Work order: Would you repeat the data below exactly, taking out the images?

Recorded data:
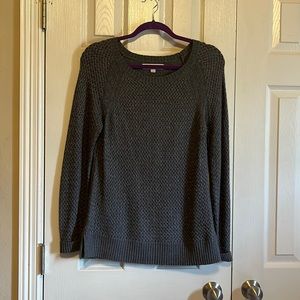 Long sleeved sweater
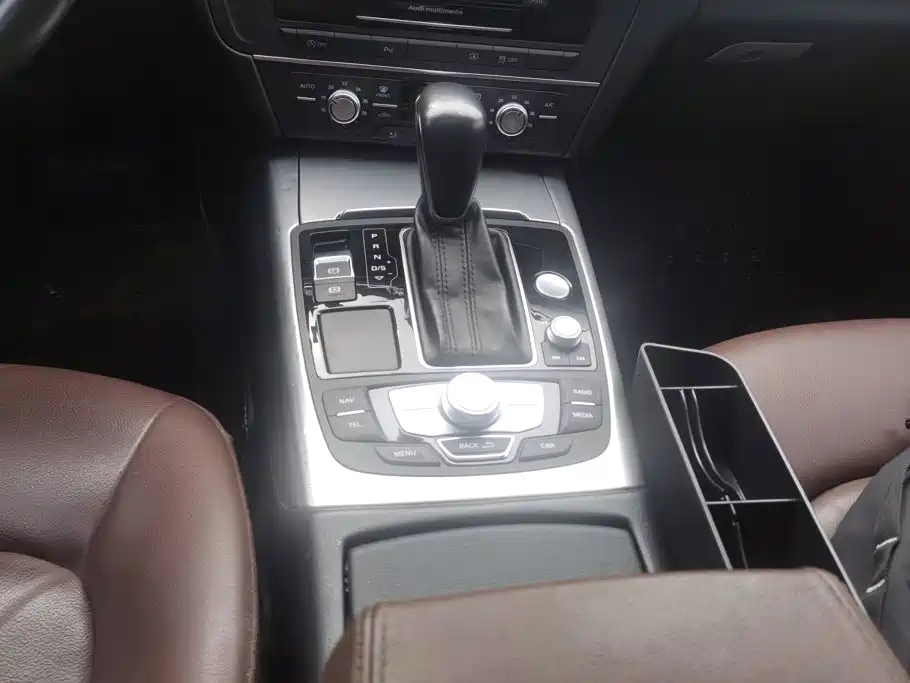 Audi A6L 2017 — фото 16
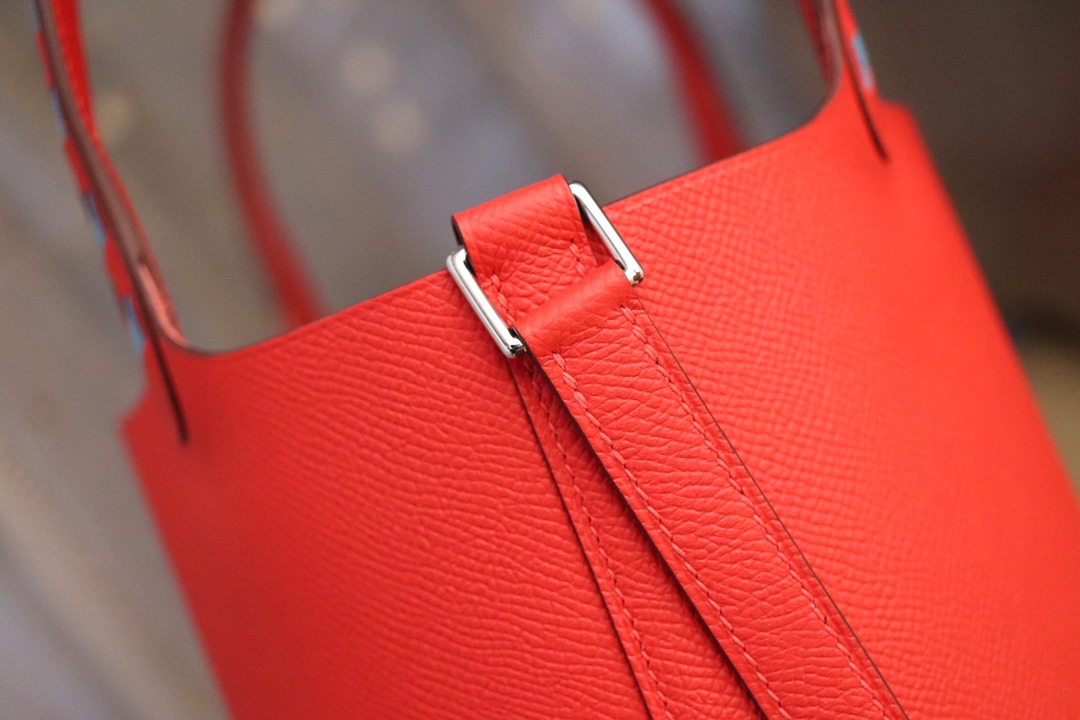 에르메스 피코탄18 레더 트레사쥬 로즈 앱송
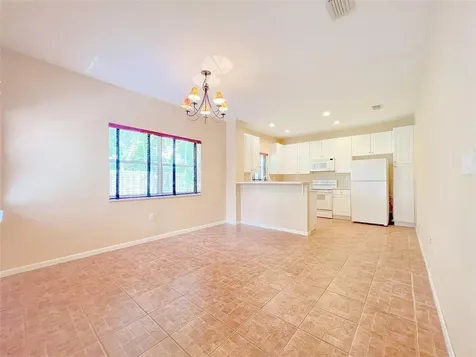 2132 NW 75th Way Pembroke Pines FL 33024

Your solution:
 Long sleeved sweater
 Audi A6L 2017 — фото 16
 에르메스 피코탄18 레더 트레사쥬 로즈 앱송
 2132 NW 75th Way Pembroke Pines FL 33024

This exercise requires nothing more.